> [TASK]: Starting at the line that contains "Prijenosna baterija 15000mAh" and stopping at the line that contains "316L Stainless Steel", restate each line of the records below exactly. Omit the pictures.

> [SUPPLIED MATERIAL]:

↓↓↓

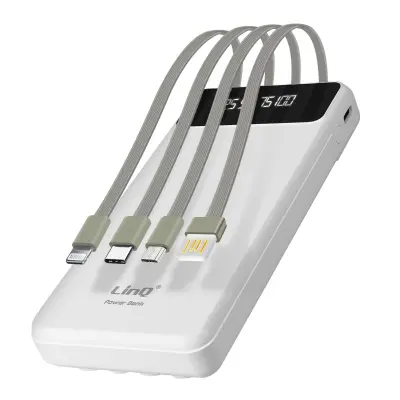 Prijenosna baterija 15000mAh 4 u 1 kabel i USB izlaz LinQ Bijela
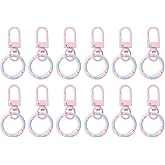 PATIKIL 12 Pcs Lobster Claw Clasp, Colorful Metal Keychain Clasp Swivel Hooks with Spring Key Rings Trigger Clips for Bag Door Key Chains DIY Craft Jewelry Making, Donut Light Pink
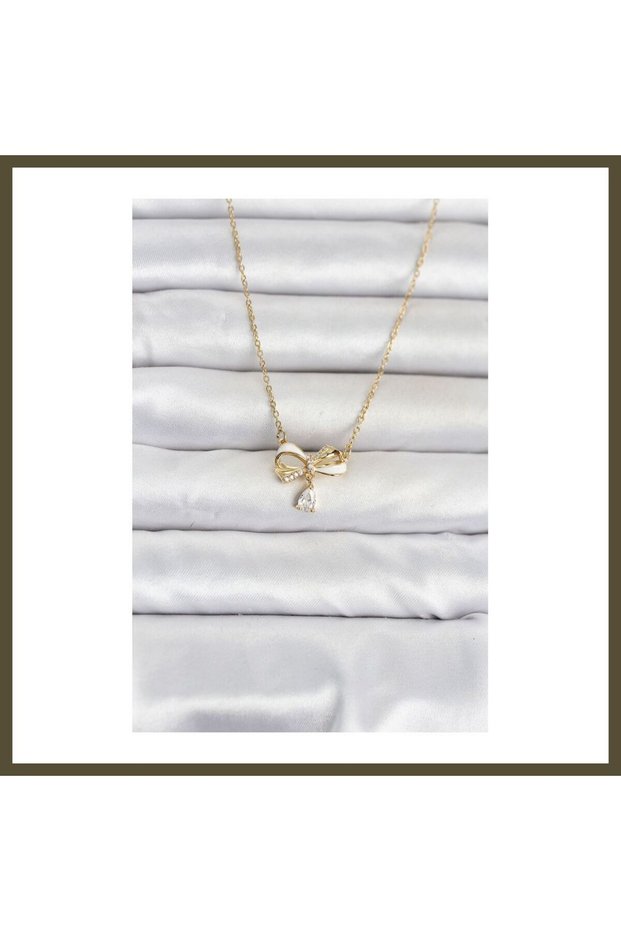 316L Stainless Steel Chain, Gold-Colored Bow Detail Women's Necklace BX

↑↑↑
↓↓↓

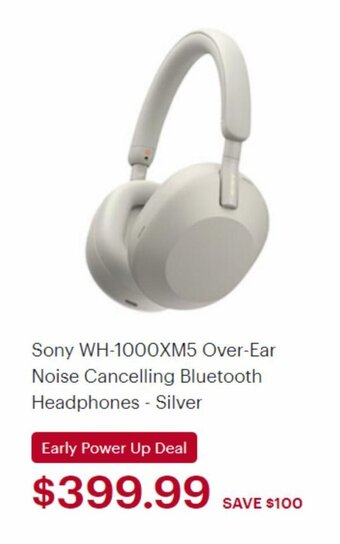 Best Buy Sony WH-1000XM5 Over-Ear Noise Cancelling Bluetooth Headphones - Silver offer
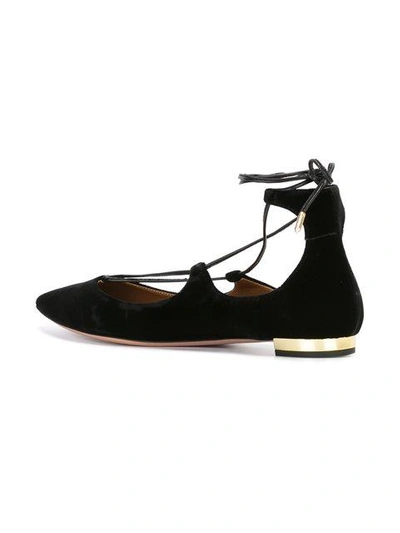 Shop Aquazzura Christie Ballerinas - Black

↑↑↑

> [EXPECTED OUTPUT]:
 Prijenosna baterija 15000mAh 4 u 1 kabel i USB izlaz LinQ Bijela
 PATIKIL 12 Pcs Lobster Claw Clasp, Colorful Metal Keychain Clasp Swivel Hooks with Spring Key Rings Trigger Clips for Bag Door Key Chains DIY Craft Jewelry Making, Donut Light Pink
 316L Stainless Steel Chain, Gold-Colored Bow Detail Women's Necklace BX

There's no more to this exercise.